Early Life and Marriage Arthur Coit Gilman was born in 1855, the son of Rev. Edward Whiting Gilman, a New England clergyman, and Julia Silliman, daughter of Benjamin Silliman Jr., the noted Yale chemist and geologist. Arthur Coit was the nephew of Daniel Coit Gilman, the first president of Johns Hopkins University, founding president of the Carnegie Institution, and co-founder mof the Gilman School, Baltimore.

Arthur married Bessie Lawrence in 1878 at Magnolia Plantation in Louisiana, connecting him to the Lawrence family of Flushing and New York. The couple lived in comfort and social prominence, maintaining a residence in Flushing and summering in fashionable circles.

Career Gilman began his professional life modestly as an office boy at the tea firm L. H. Labaree & Co. in March 1879 at a salary of eight dollars a week. Through apparent diligence and ability he rose rapidly and eventually became a partner, though without ever investing capital. His financial standing and refined tastes placed him among the well-to-do of the late Gilded Age.

He and his wife were active in New York society and were among the earliest box holders at the Metropolitan Opera, where Arthur was noted as an ardent admirer and defender of Richard Wagner’s music—a passion that was fashionable among the city’s cultivated elite of the 1880s.

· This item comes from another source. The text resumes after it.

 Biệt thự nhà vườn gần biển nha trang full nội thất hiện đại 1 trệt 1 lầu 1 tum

Death and Scandal On December 15, 1890, Arthur told his wife that he was unwell and would remain home from work. He sent a telegram to the firm excusing his absence and promised to join his wife and her sister for lunch at Delmonico’s if he felt better. Later that morning, when his employer, Mr. Labaree, came to Flushing to discuss business, the servant found Gilman’s bedroom door locked. It was forced open, and Arthur was found dead on his bed, partly clothed. The attending physician declared the cause of death to be heart failure.

Several months later, auditors discovered that Gilman had embezzled approximately $220,000 (equivalent to about $5 million in modern value) from the firm between 1884 and 1890. The investigation concluded that the thefts had been “continuous, deliberate, and intentional, extending over six years and conducted with a degree of skill and baseness of treachery which can find but few cases to parallel.” The money’s destination was never traced; his personal income appeared adequate for his lifestyle, and no hidden assets were located.

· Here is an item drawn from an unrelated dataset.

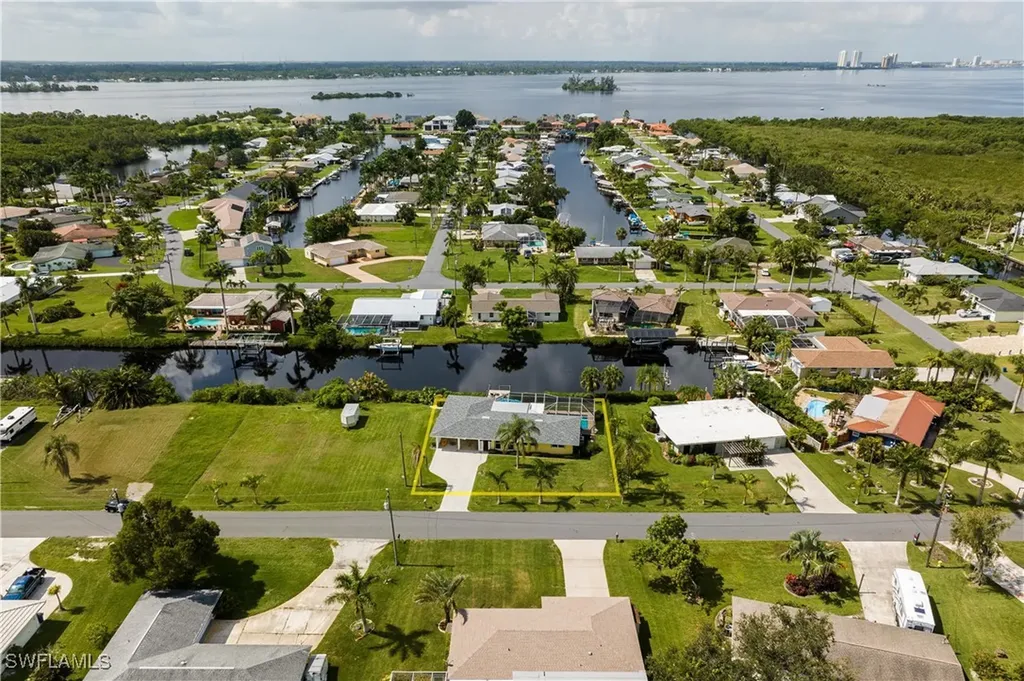 1720 Cascade Way North Fort Myers FL 33917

In the firm’s safe were found life-insurance policies totaling $56,000, payable to Bessie Gilman. The company asserted that the stolen funds had been used to pay the premiums and laid claim to the policies. The dispute went to court, where Mrs. Gilman maintained that the firm was entitled only to the value of the premiums, not to the benefits themselves. These policies were the only assets remaining to her.

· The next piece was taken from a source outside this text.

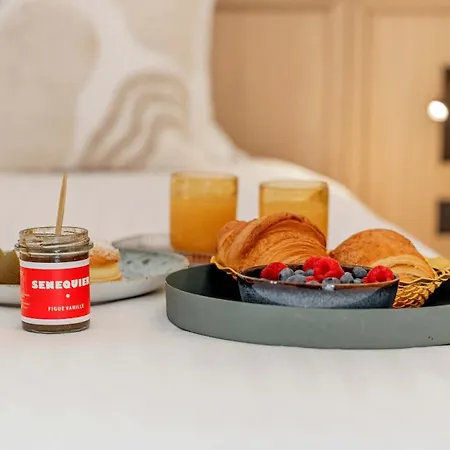 Les Graniers - Old Village - Shellter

Although the physician’s report stated “heart failure,” the timing of Gilman’s death, the revelation of the embezzlement, and the existence of the insurance policies led to widespread suspicions of suicide, but by the time the fraud was uncovered it was too late for an autopsy.

The Supreme Cort of New York ruled:

“Held, that the plaintiff was entitled to recover the amount of such premiums as were paid from firm moneys by Gilman in fraud of the rights of the firm, but that he was not entitled to recover the moneys realized from the policies themselves.

That the partnership relation forbade the idea that one partner could steal or embezzle from the firm, inasmuch as each partner had an undivided part of the whole, and not the whole of an undivided part of the firm property.

That, as the wife had an insurable interest, protected by the laws of the State, the policy and its proceeds were not solely the result of Gilman’s payment of the premiums. (Per O’Brien, J.)

That, therefore, assuming the partnership relation to be one of trust, equity would not follow a fund diverted, but which had been subsequently invested so as to unite it with other property interests or rights, and give the whole investment to the party whose money had been diverted. (Per O’Brien, J.)”

Character and Legacy Arthur Coit Gilman’s life combined social brilliance, financial promise, and tragic collapse. His downfall, one of the most striking private scandals of late nineteenth-century New York commerce, destroyed a respected firm and left his family in near ruin. His story, though little remembered, reflects the speculative fever and moral fragility of the Gilded Age—an era when ambition, appearances, and temptation often proved fatally intertwined.